Tris felt her teeth grinding and her hair starting to frizz beneath its protective net. She hastily put her fork down, chewed and swallowed, and said, “Actually, Jaina Farwalker’s scrolls provided the basis for most of our history of magic. If her work is hearsay, so is practically everything taught at Lightsbridge.” _There, that was practically restrained_ , she thought. _Sandry would  fall over in shock._

“And there’s a text by Niklaren Goldeye as well,” said Mari. “He’s famous.”

“And good-looking,” agreed Olun with a wink. “All right, fine, I’ll give you those two, but the others?”

Tris let herself make the face she wanted to make. “No argument here. And he really didn’t know his material today,” she said.

Emi laughed. “How would you know? You’re a first-year too!”

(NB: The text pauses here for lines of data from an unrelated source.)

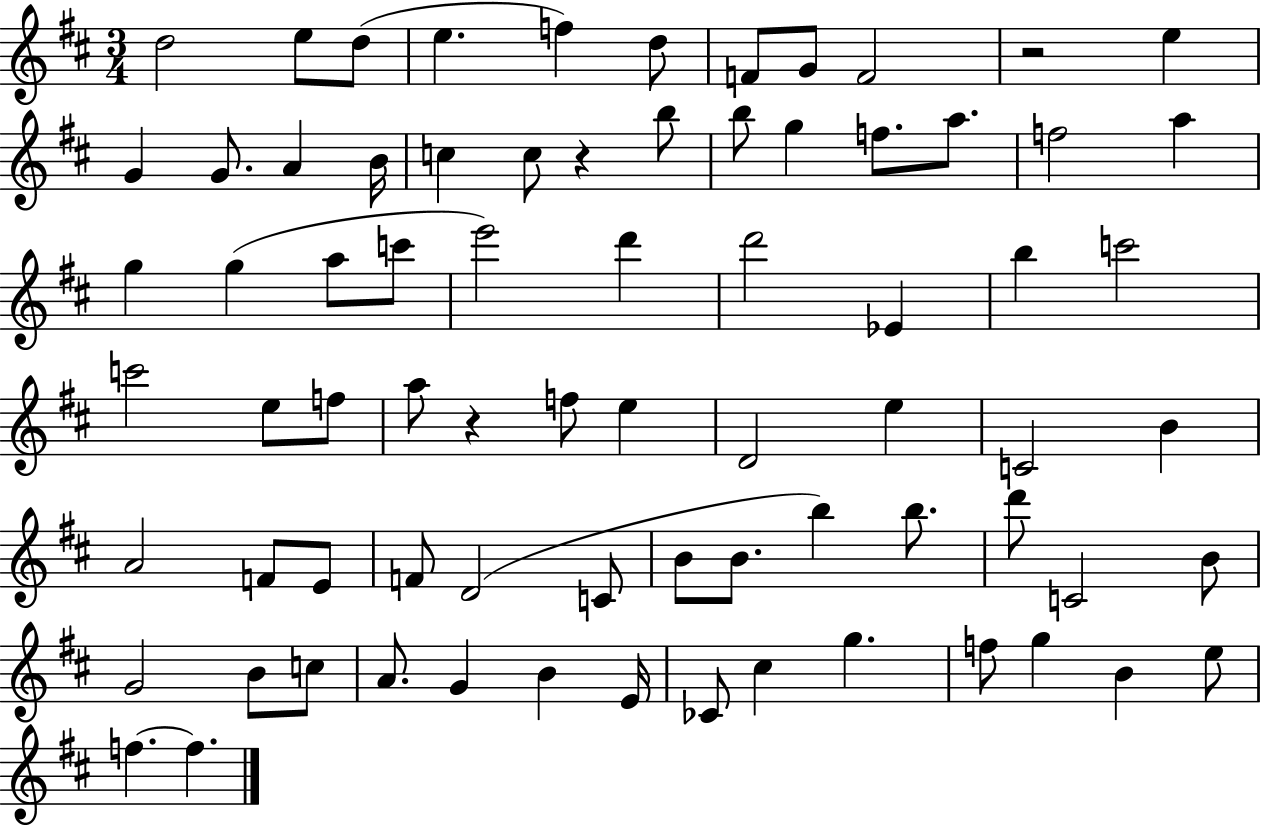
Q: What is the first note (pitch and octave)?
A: D5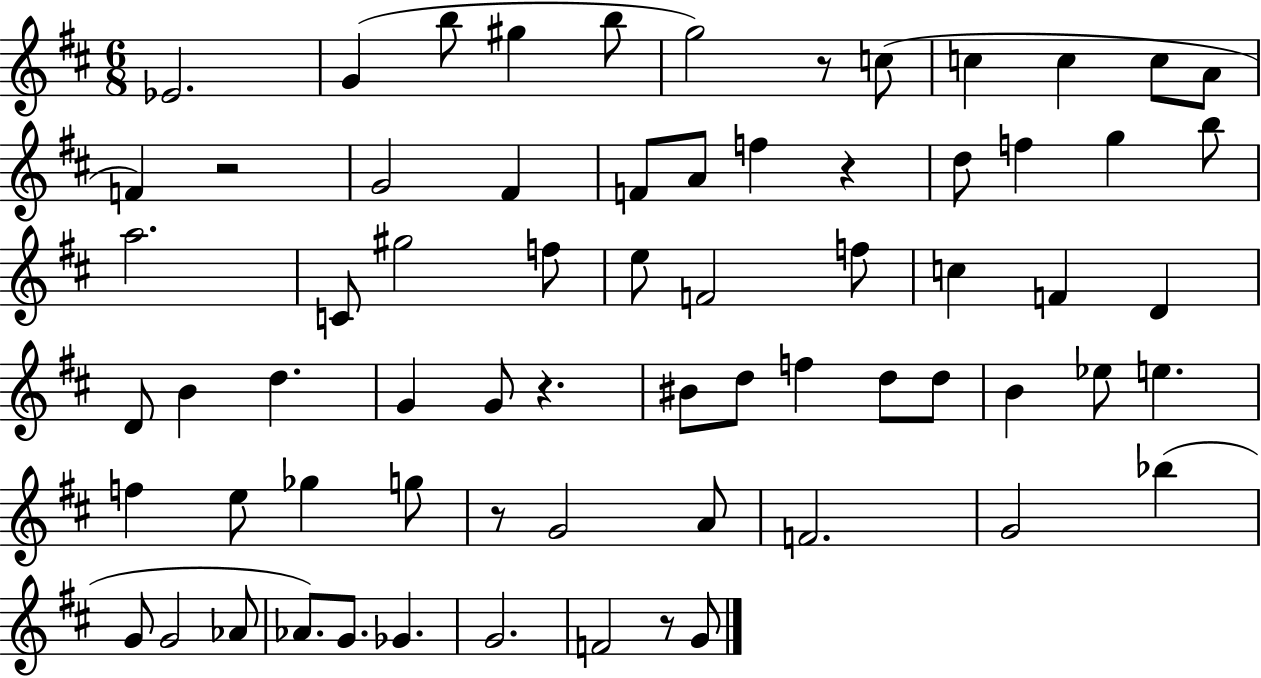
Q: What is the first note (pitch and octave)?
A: Eb4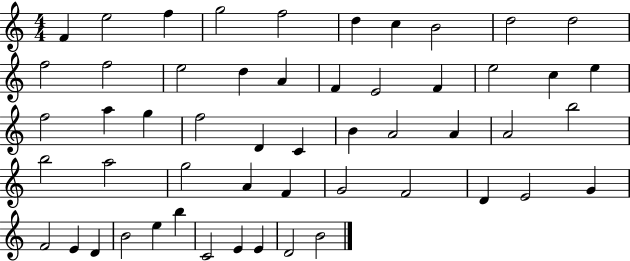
F4/q E5/h F5/q G5/h F5/h D5/q C5/q B4/h D5/h D5/h F5/h F5/h E5/h D5/q A4/q F4/q E4/h F4/q E5/h C5/q E5/q F5/h A5/q G5/q F5/h D4/q C4/q B4/q A4/h A4/q A4/h B5/h B5/h A5/h G5/h A4/q F4/q G4/h F4/h D4/q E4/h G4/q F4/h E4/q D4/q B4/h E5/q B5/q C4/h E4/q E4/q D4/h B4/h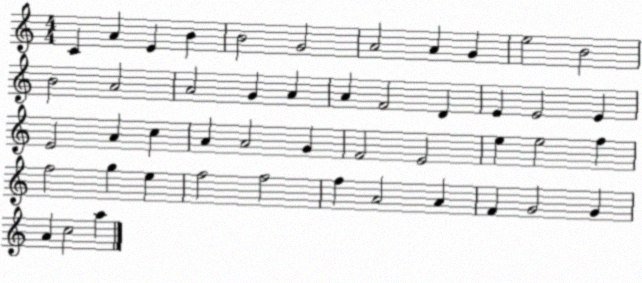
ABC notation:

X:1
T:Untitled
M:4/4
L:1/4
K:C
C A E B B2 G2 A2 A G e2 B2 B2 A2 A2 G A A F2 D E E2 E E2 A c A A2 G F2 E2 e e2 f f2 g e f2 f2 f A2 A F G2 G A c2 a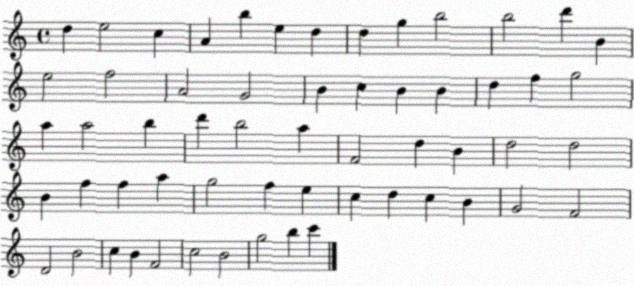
X:1
T:Untitled
M:4/4
L:1/4
K:C
d e2 c A b e d d g b2 b2 d' B e2 f2 A2 G2 B c B B d f g2 a a2 b d' b2 a F2 d B d2 d2 B f f a g2 f e c d c B G2 F2 D2 B2 c B F2 c2 B2 g2 b c'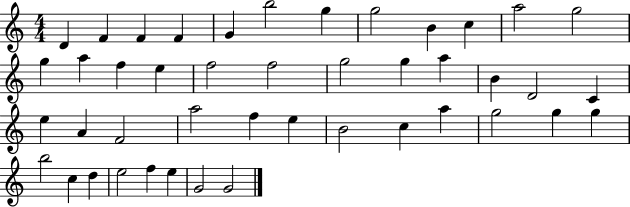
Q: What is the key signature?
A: C major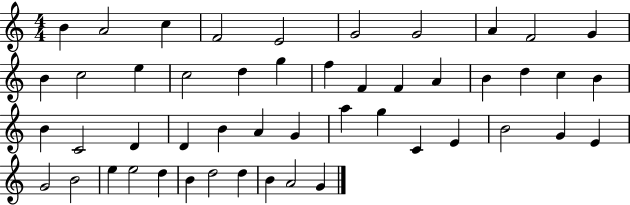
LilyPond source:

{
  \clef treble
  \numericTimeSignature
  \time 4/4
  \key c \major
  b'4 a'2 c''4 | f'2 e'2 | g'2 g'2 | a'4 f'2 g'4 | \break b'4 c''2 e''4 | c''2 d''4 g''4 | f''4 f'4 f'4 a'4 | b'4 d''4 c''4 b'4 | \break b'4 c'2 d'4 | d'4 b'4 a'4 g'4 | a''4 g''4 c'4 e'4 | b'2 g'4 e'4 | \break g'2 b'2 | e''4 e''2 d''4 | b'4 d''2 d''4 | b'4 a'2 g'4 | \break \bar "|."
}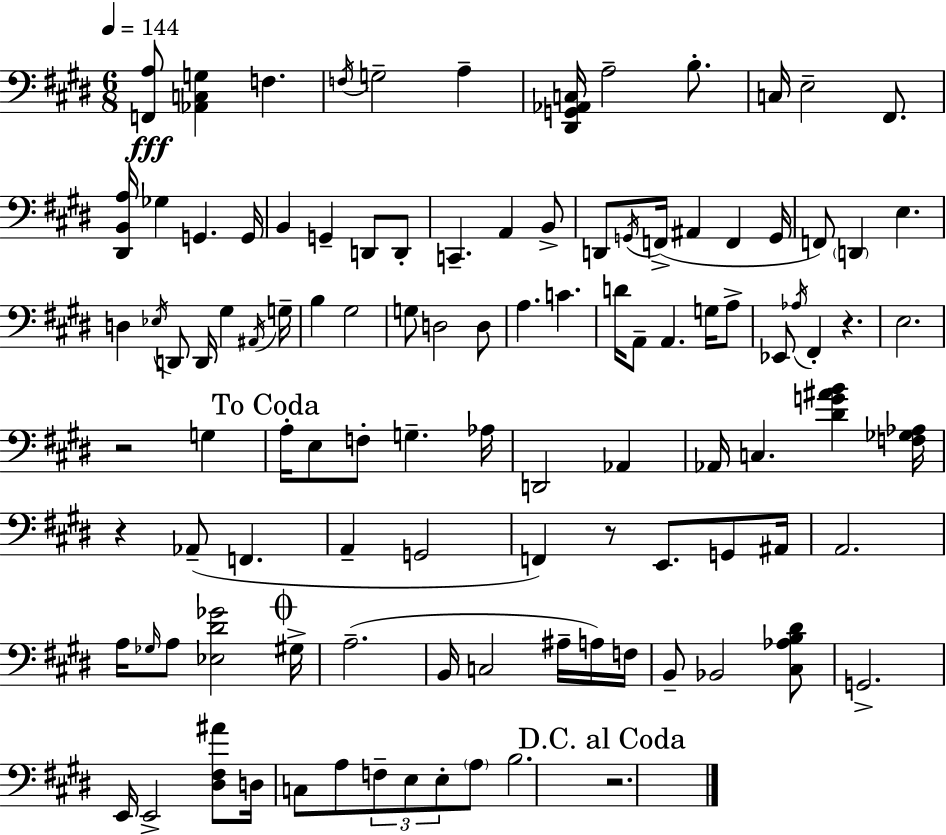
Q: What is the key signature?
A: E major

Tris flushed, and shrugged. “I like to read.” She bent her head and applied herself to her meal as talk drifted to other topics. _Liesa Chapman, Liesa Chapman,_ she thought. _Liesa Chapman doesn’t know anything about ambient magic. Liesa Chapman definitely isn’t an ambient mage. Liesa Chapman doesn’t know Niklaren Goldeye, or Rosethorn of Winding Circle. Liesa Chapman is here to learn and qualify, not to show off._

*

> Dear Sandry,
> 
> You'll be proud of me; I've made some friends. More like acquaintances. It's hard to be friends with people who don't truly know me, and in some ways they make me miss you, Daja and Briar even more...

*

 _The seventeenth day of Blood Moon, Lightsbridge University, Karang, 1044 KF_

“Now, call your power from inside you,” a calm voice said at the front of the room. “Feel around for it.”

Tris, eyes closed, breathed deeply in the familiar pattern of meditation, and connected with her power. She felt the familiar hot brush of lightning and the wild forces of winds, calling to her and threatening to drag her out of her body and up to the top of Lightsbridge’s highest towers, and flirted briefly with the idea of running with them.

“From within, Chapman,” came the voice. “Don’t reach out; look inwards. Come now, you’re an older student, this should be familiar to you already. That’s good, Rhuday, like that, now draw it out.”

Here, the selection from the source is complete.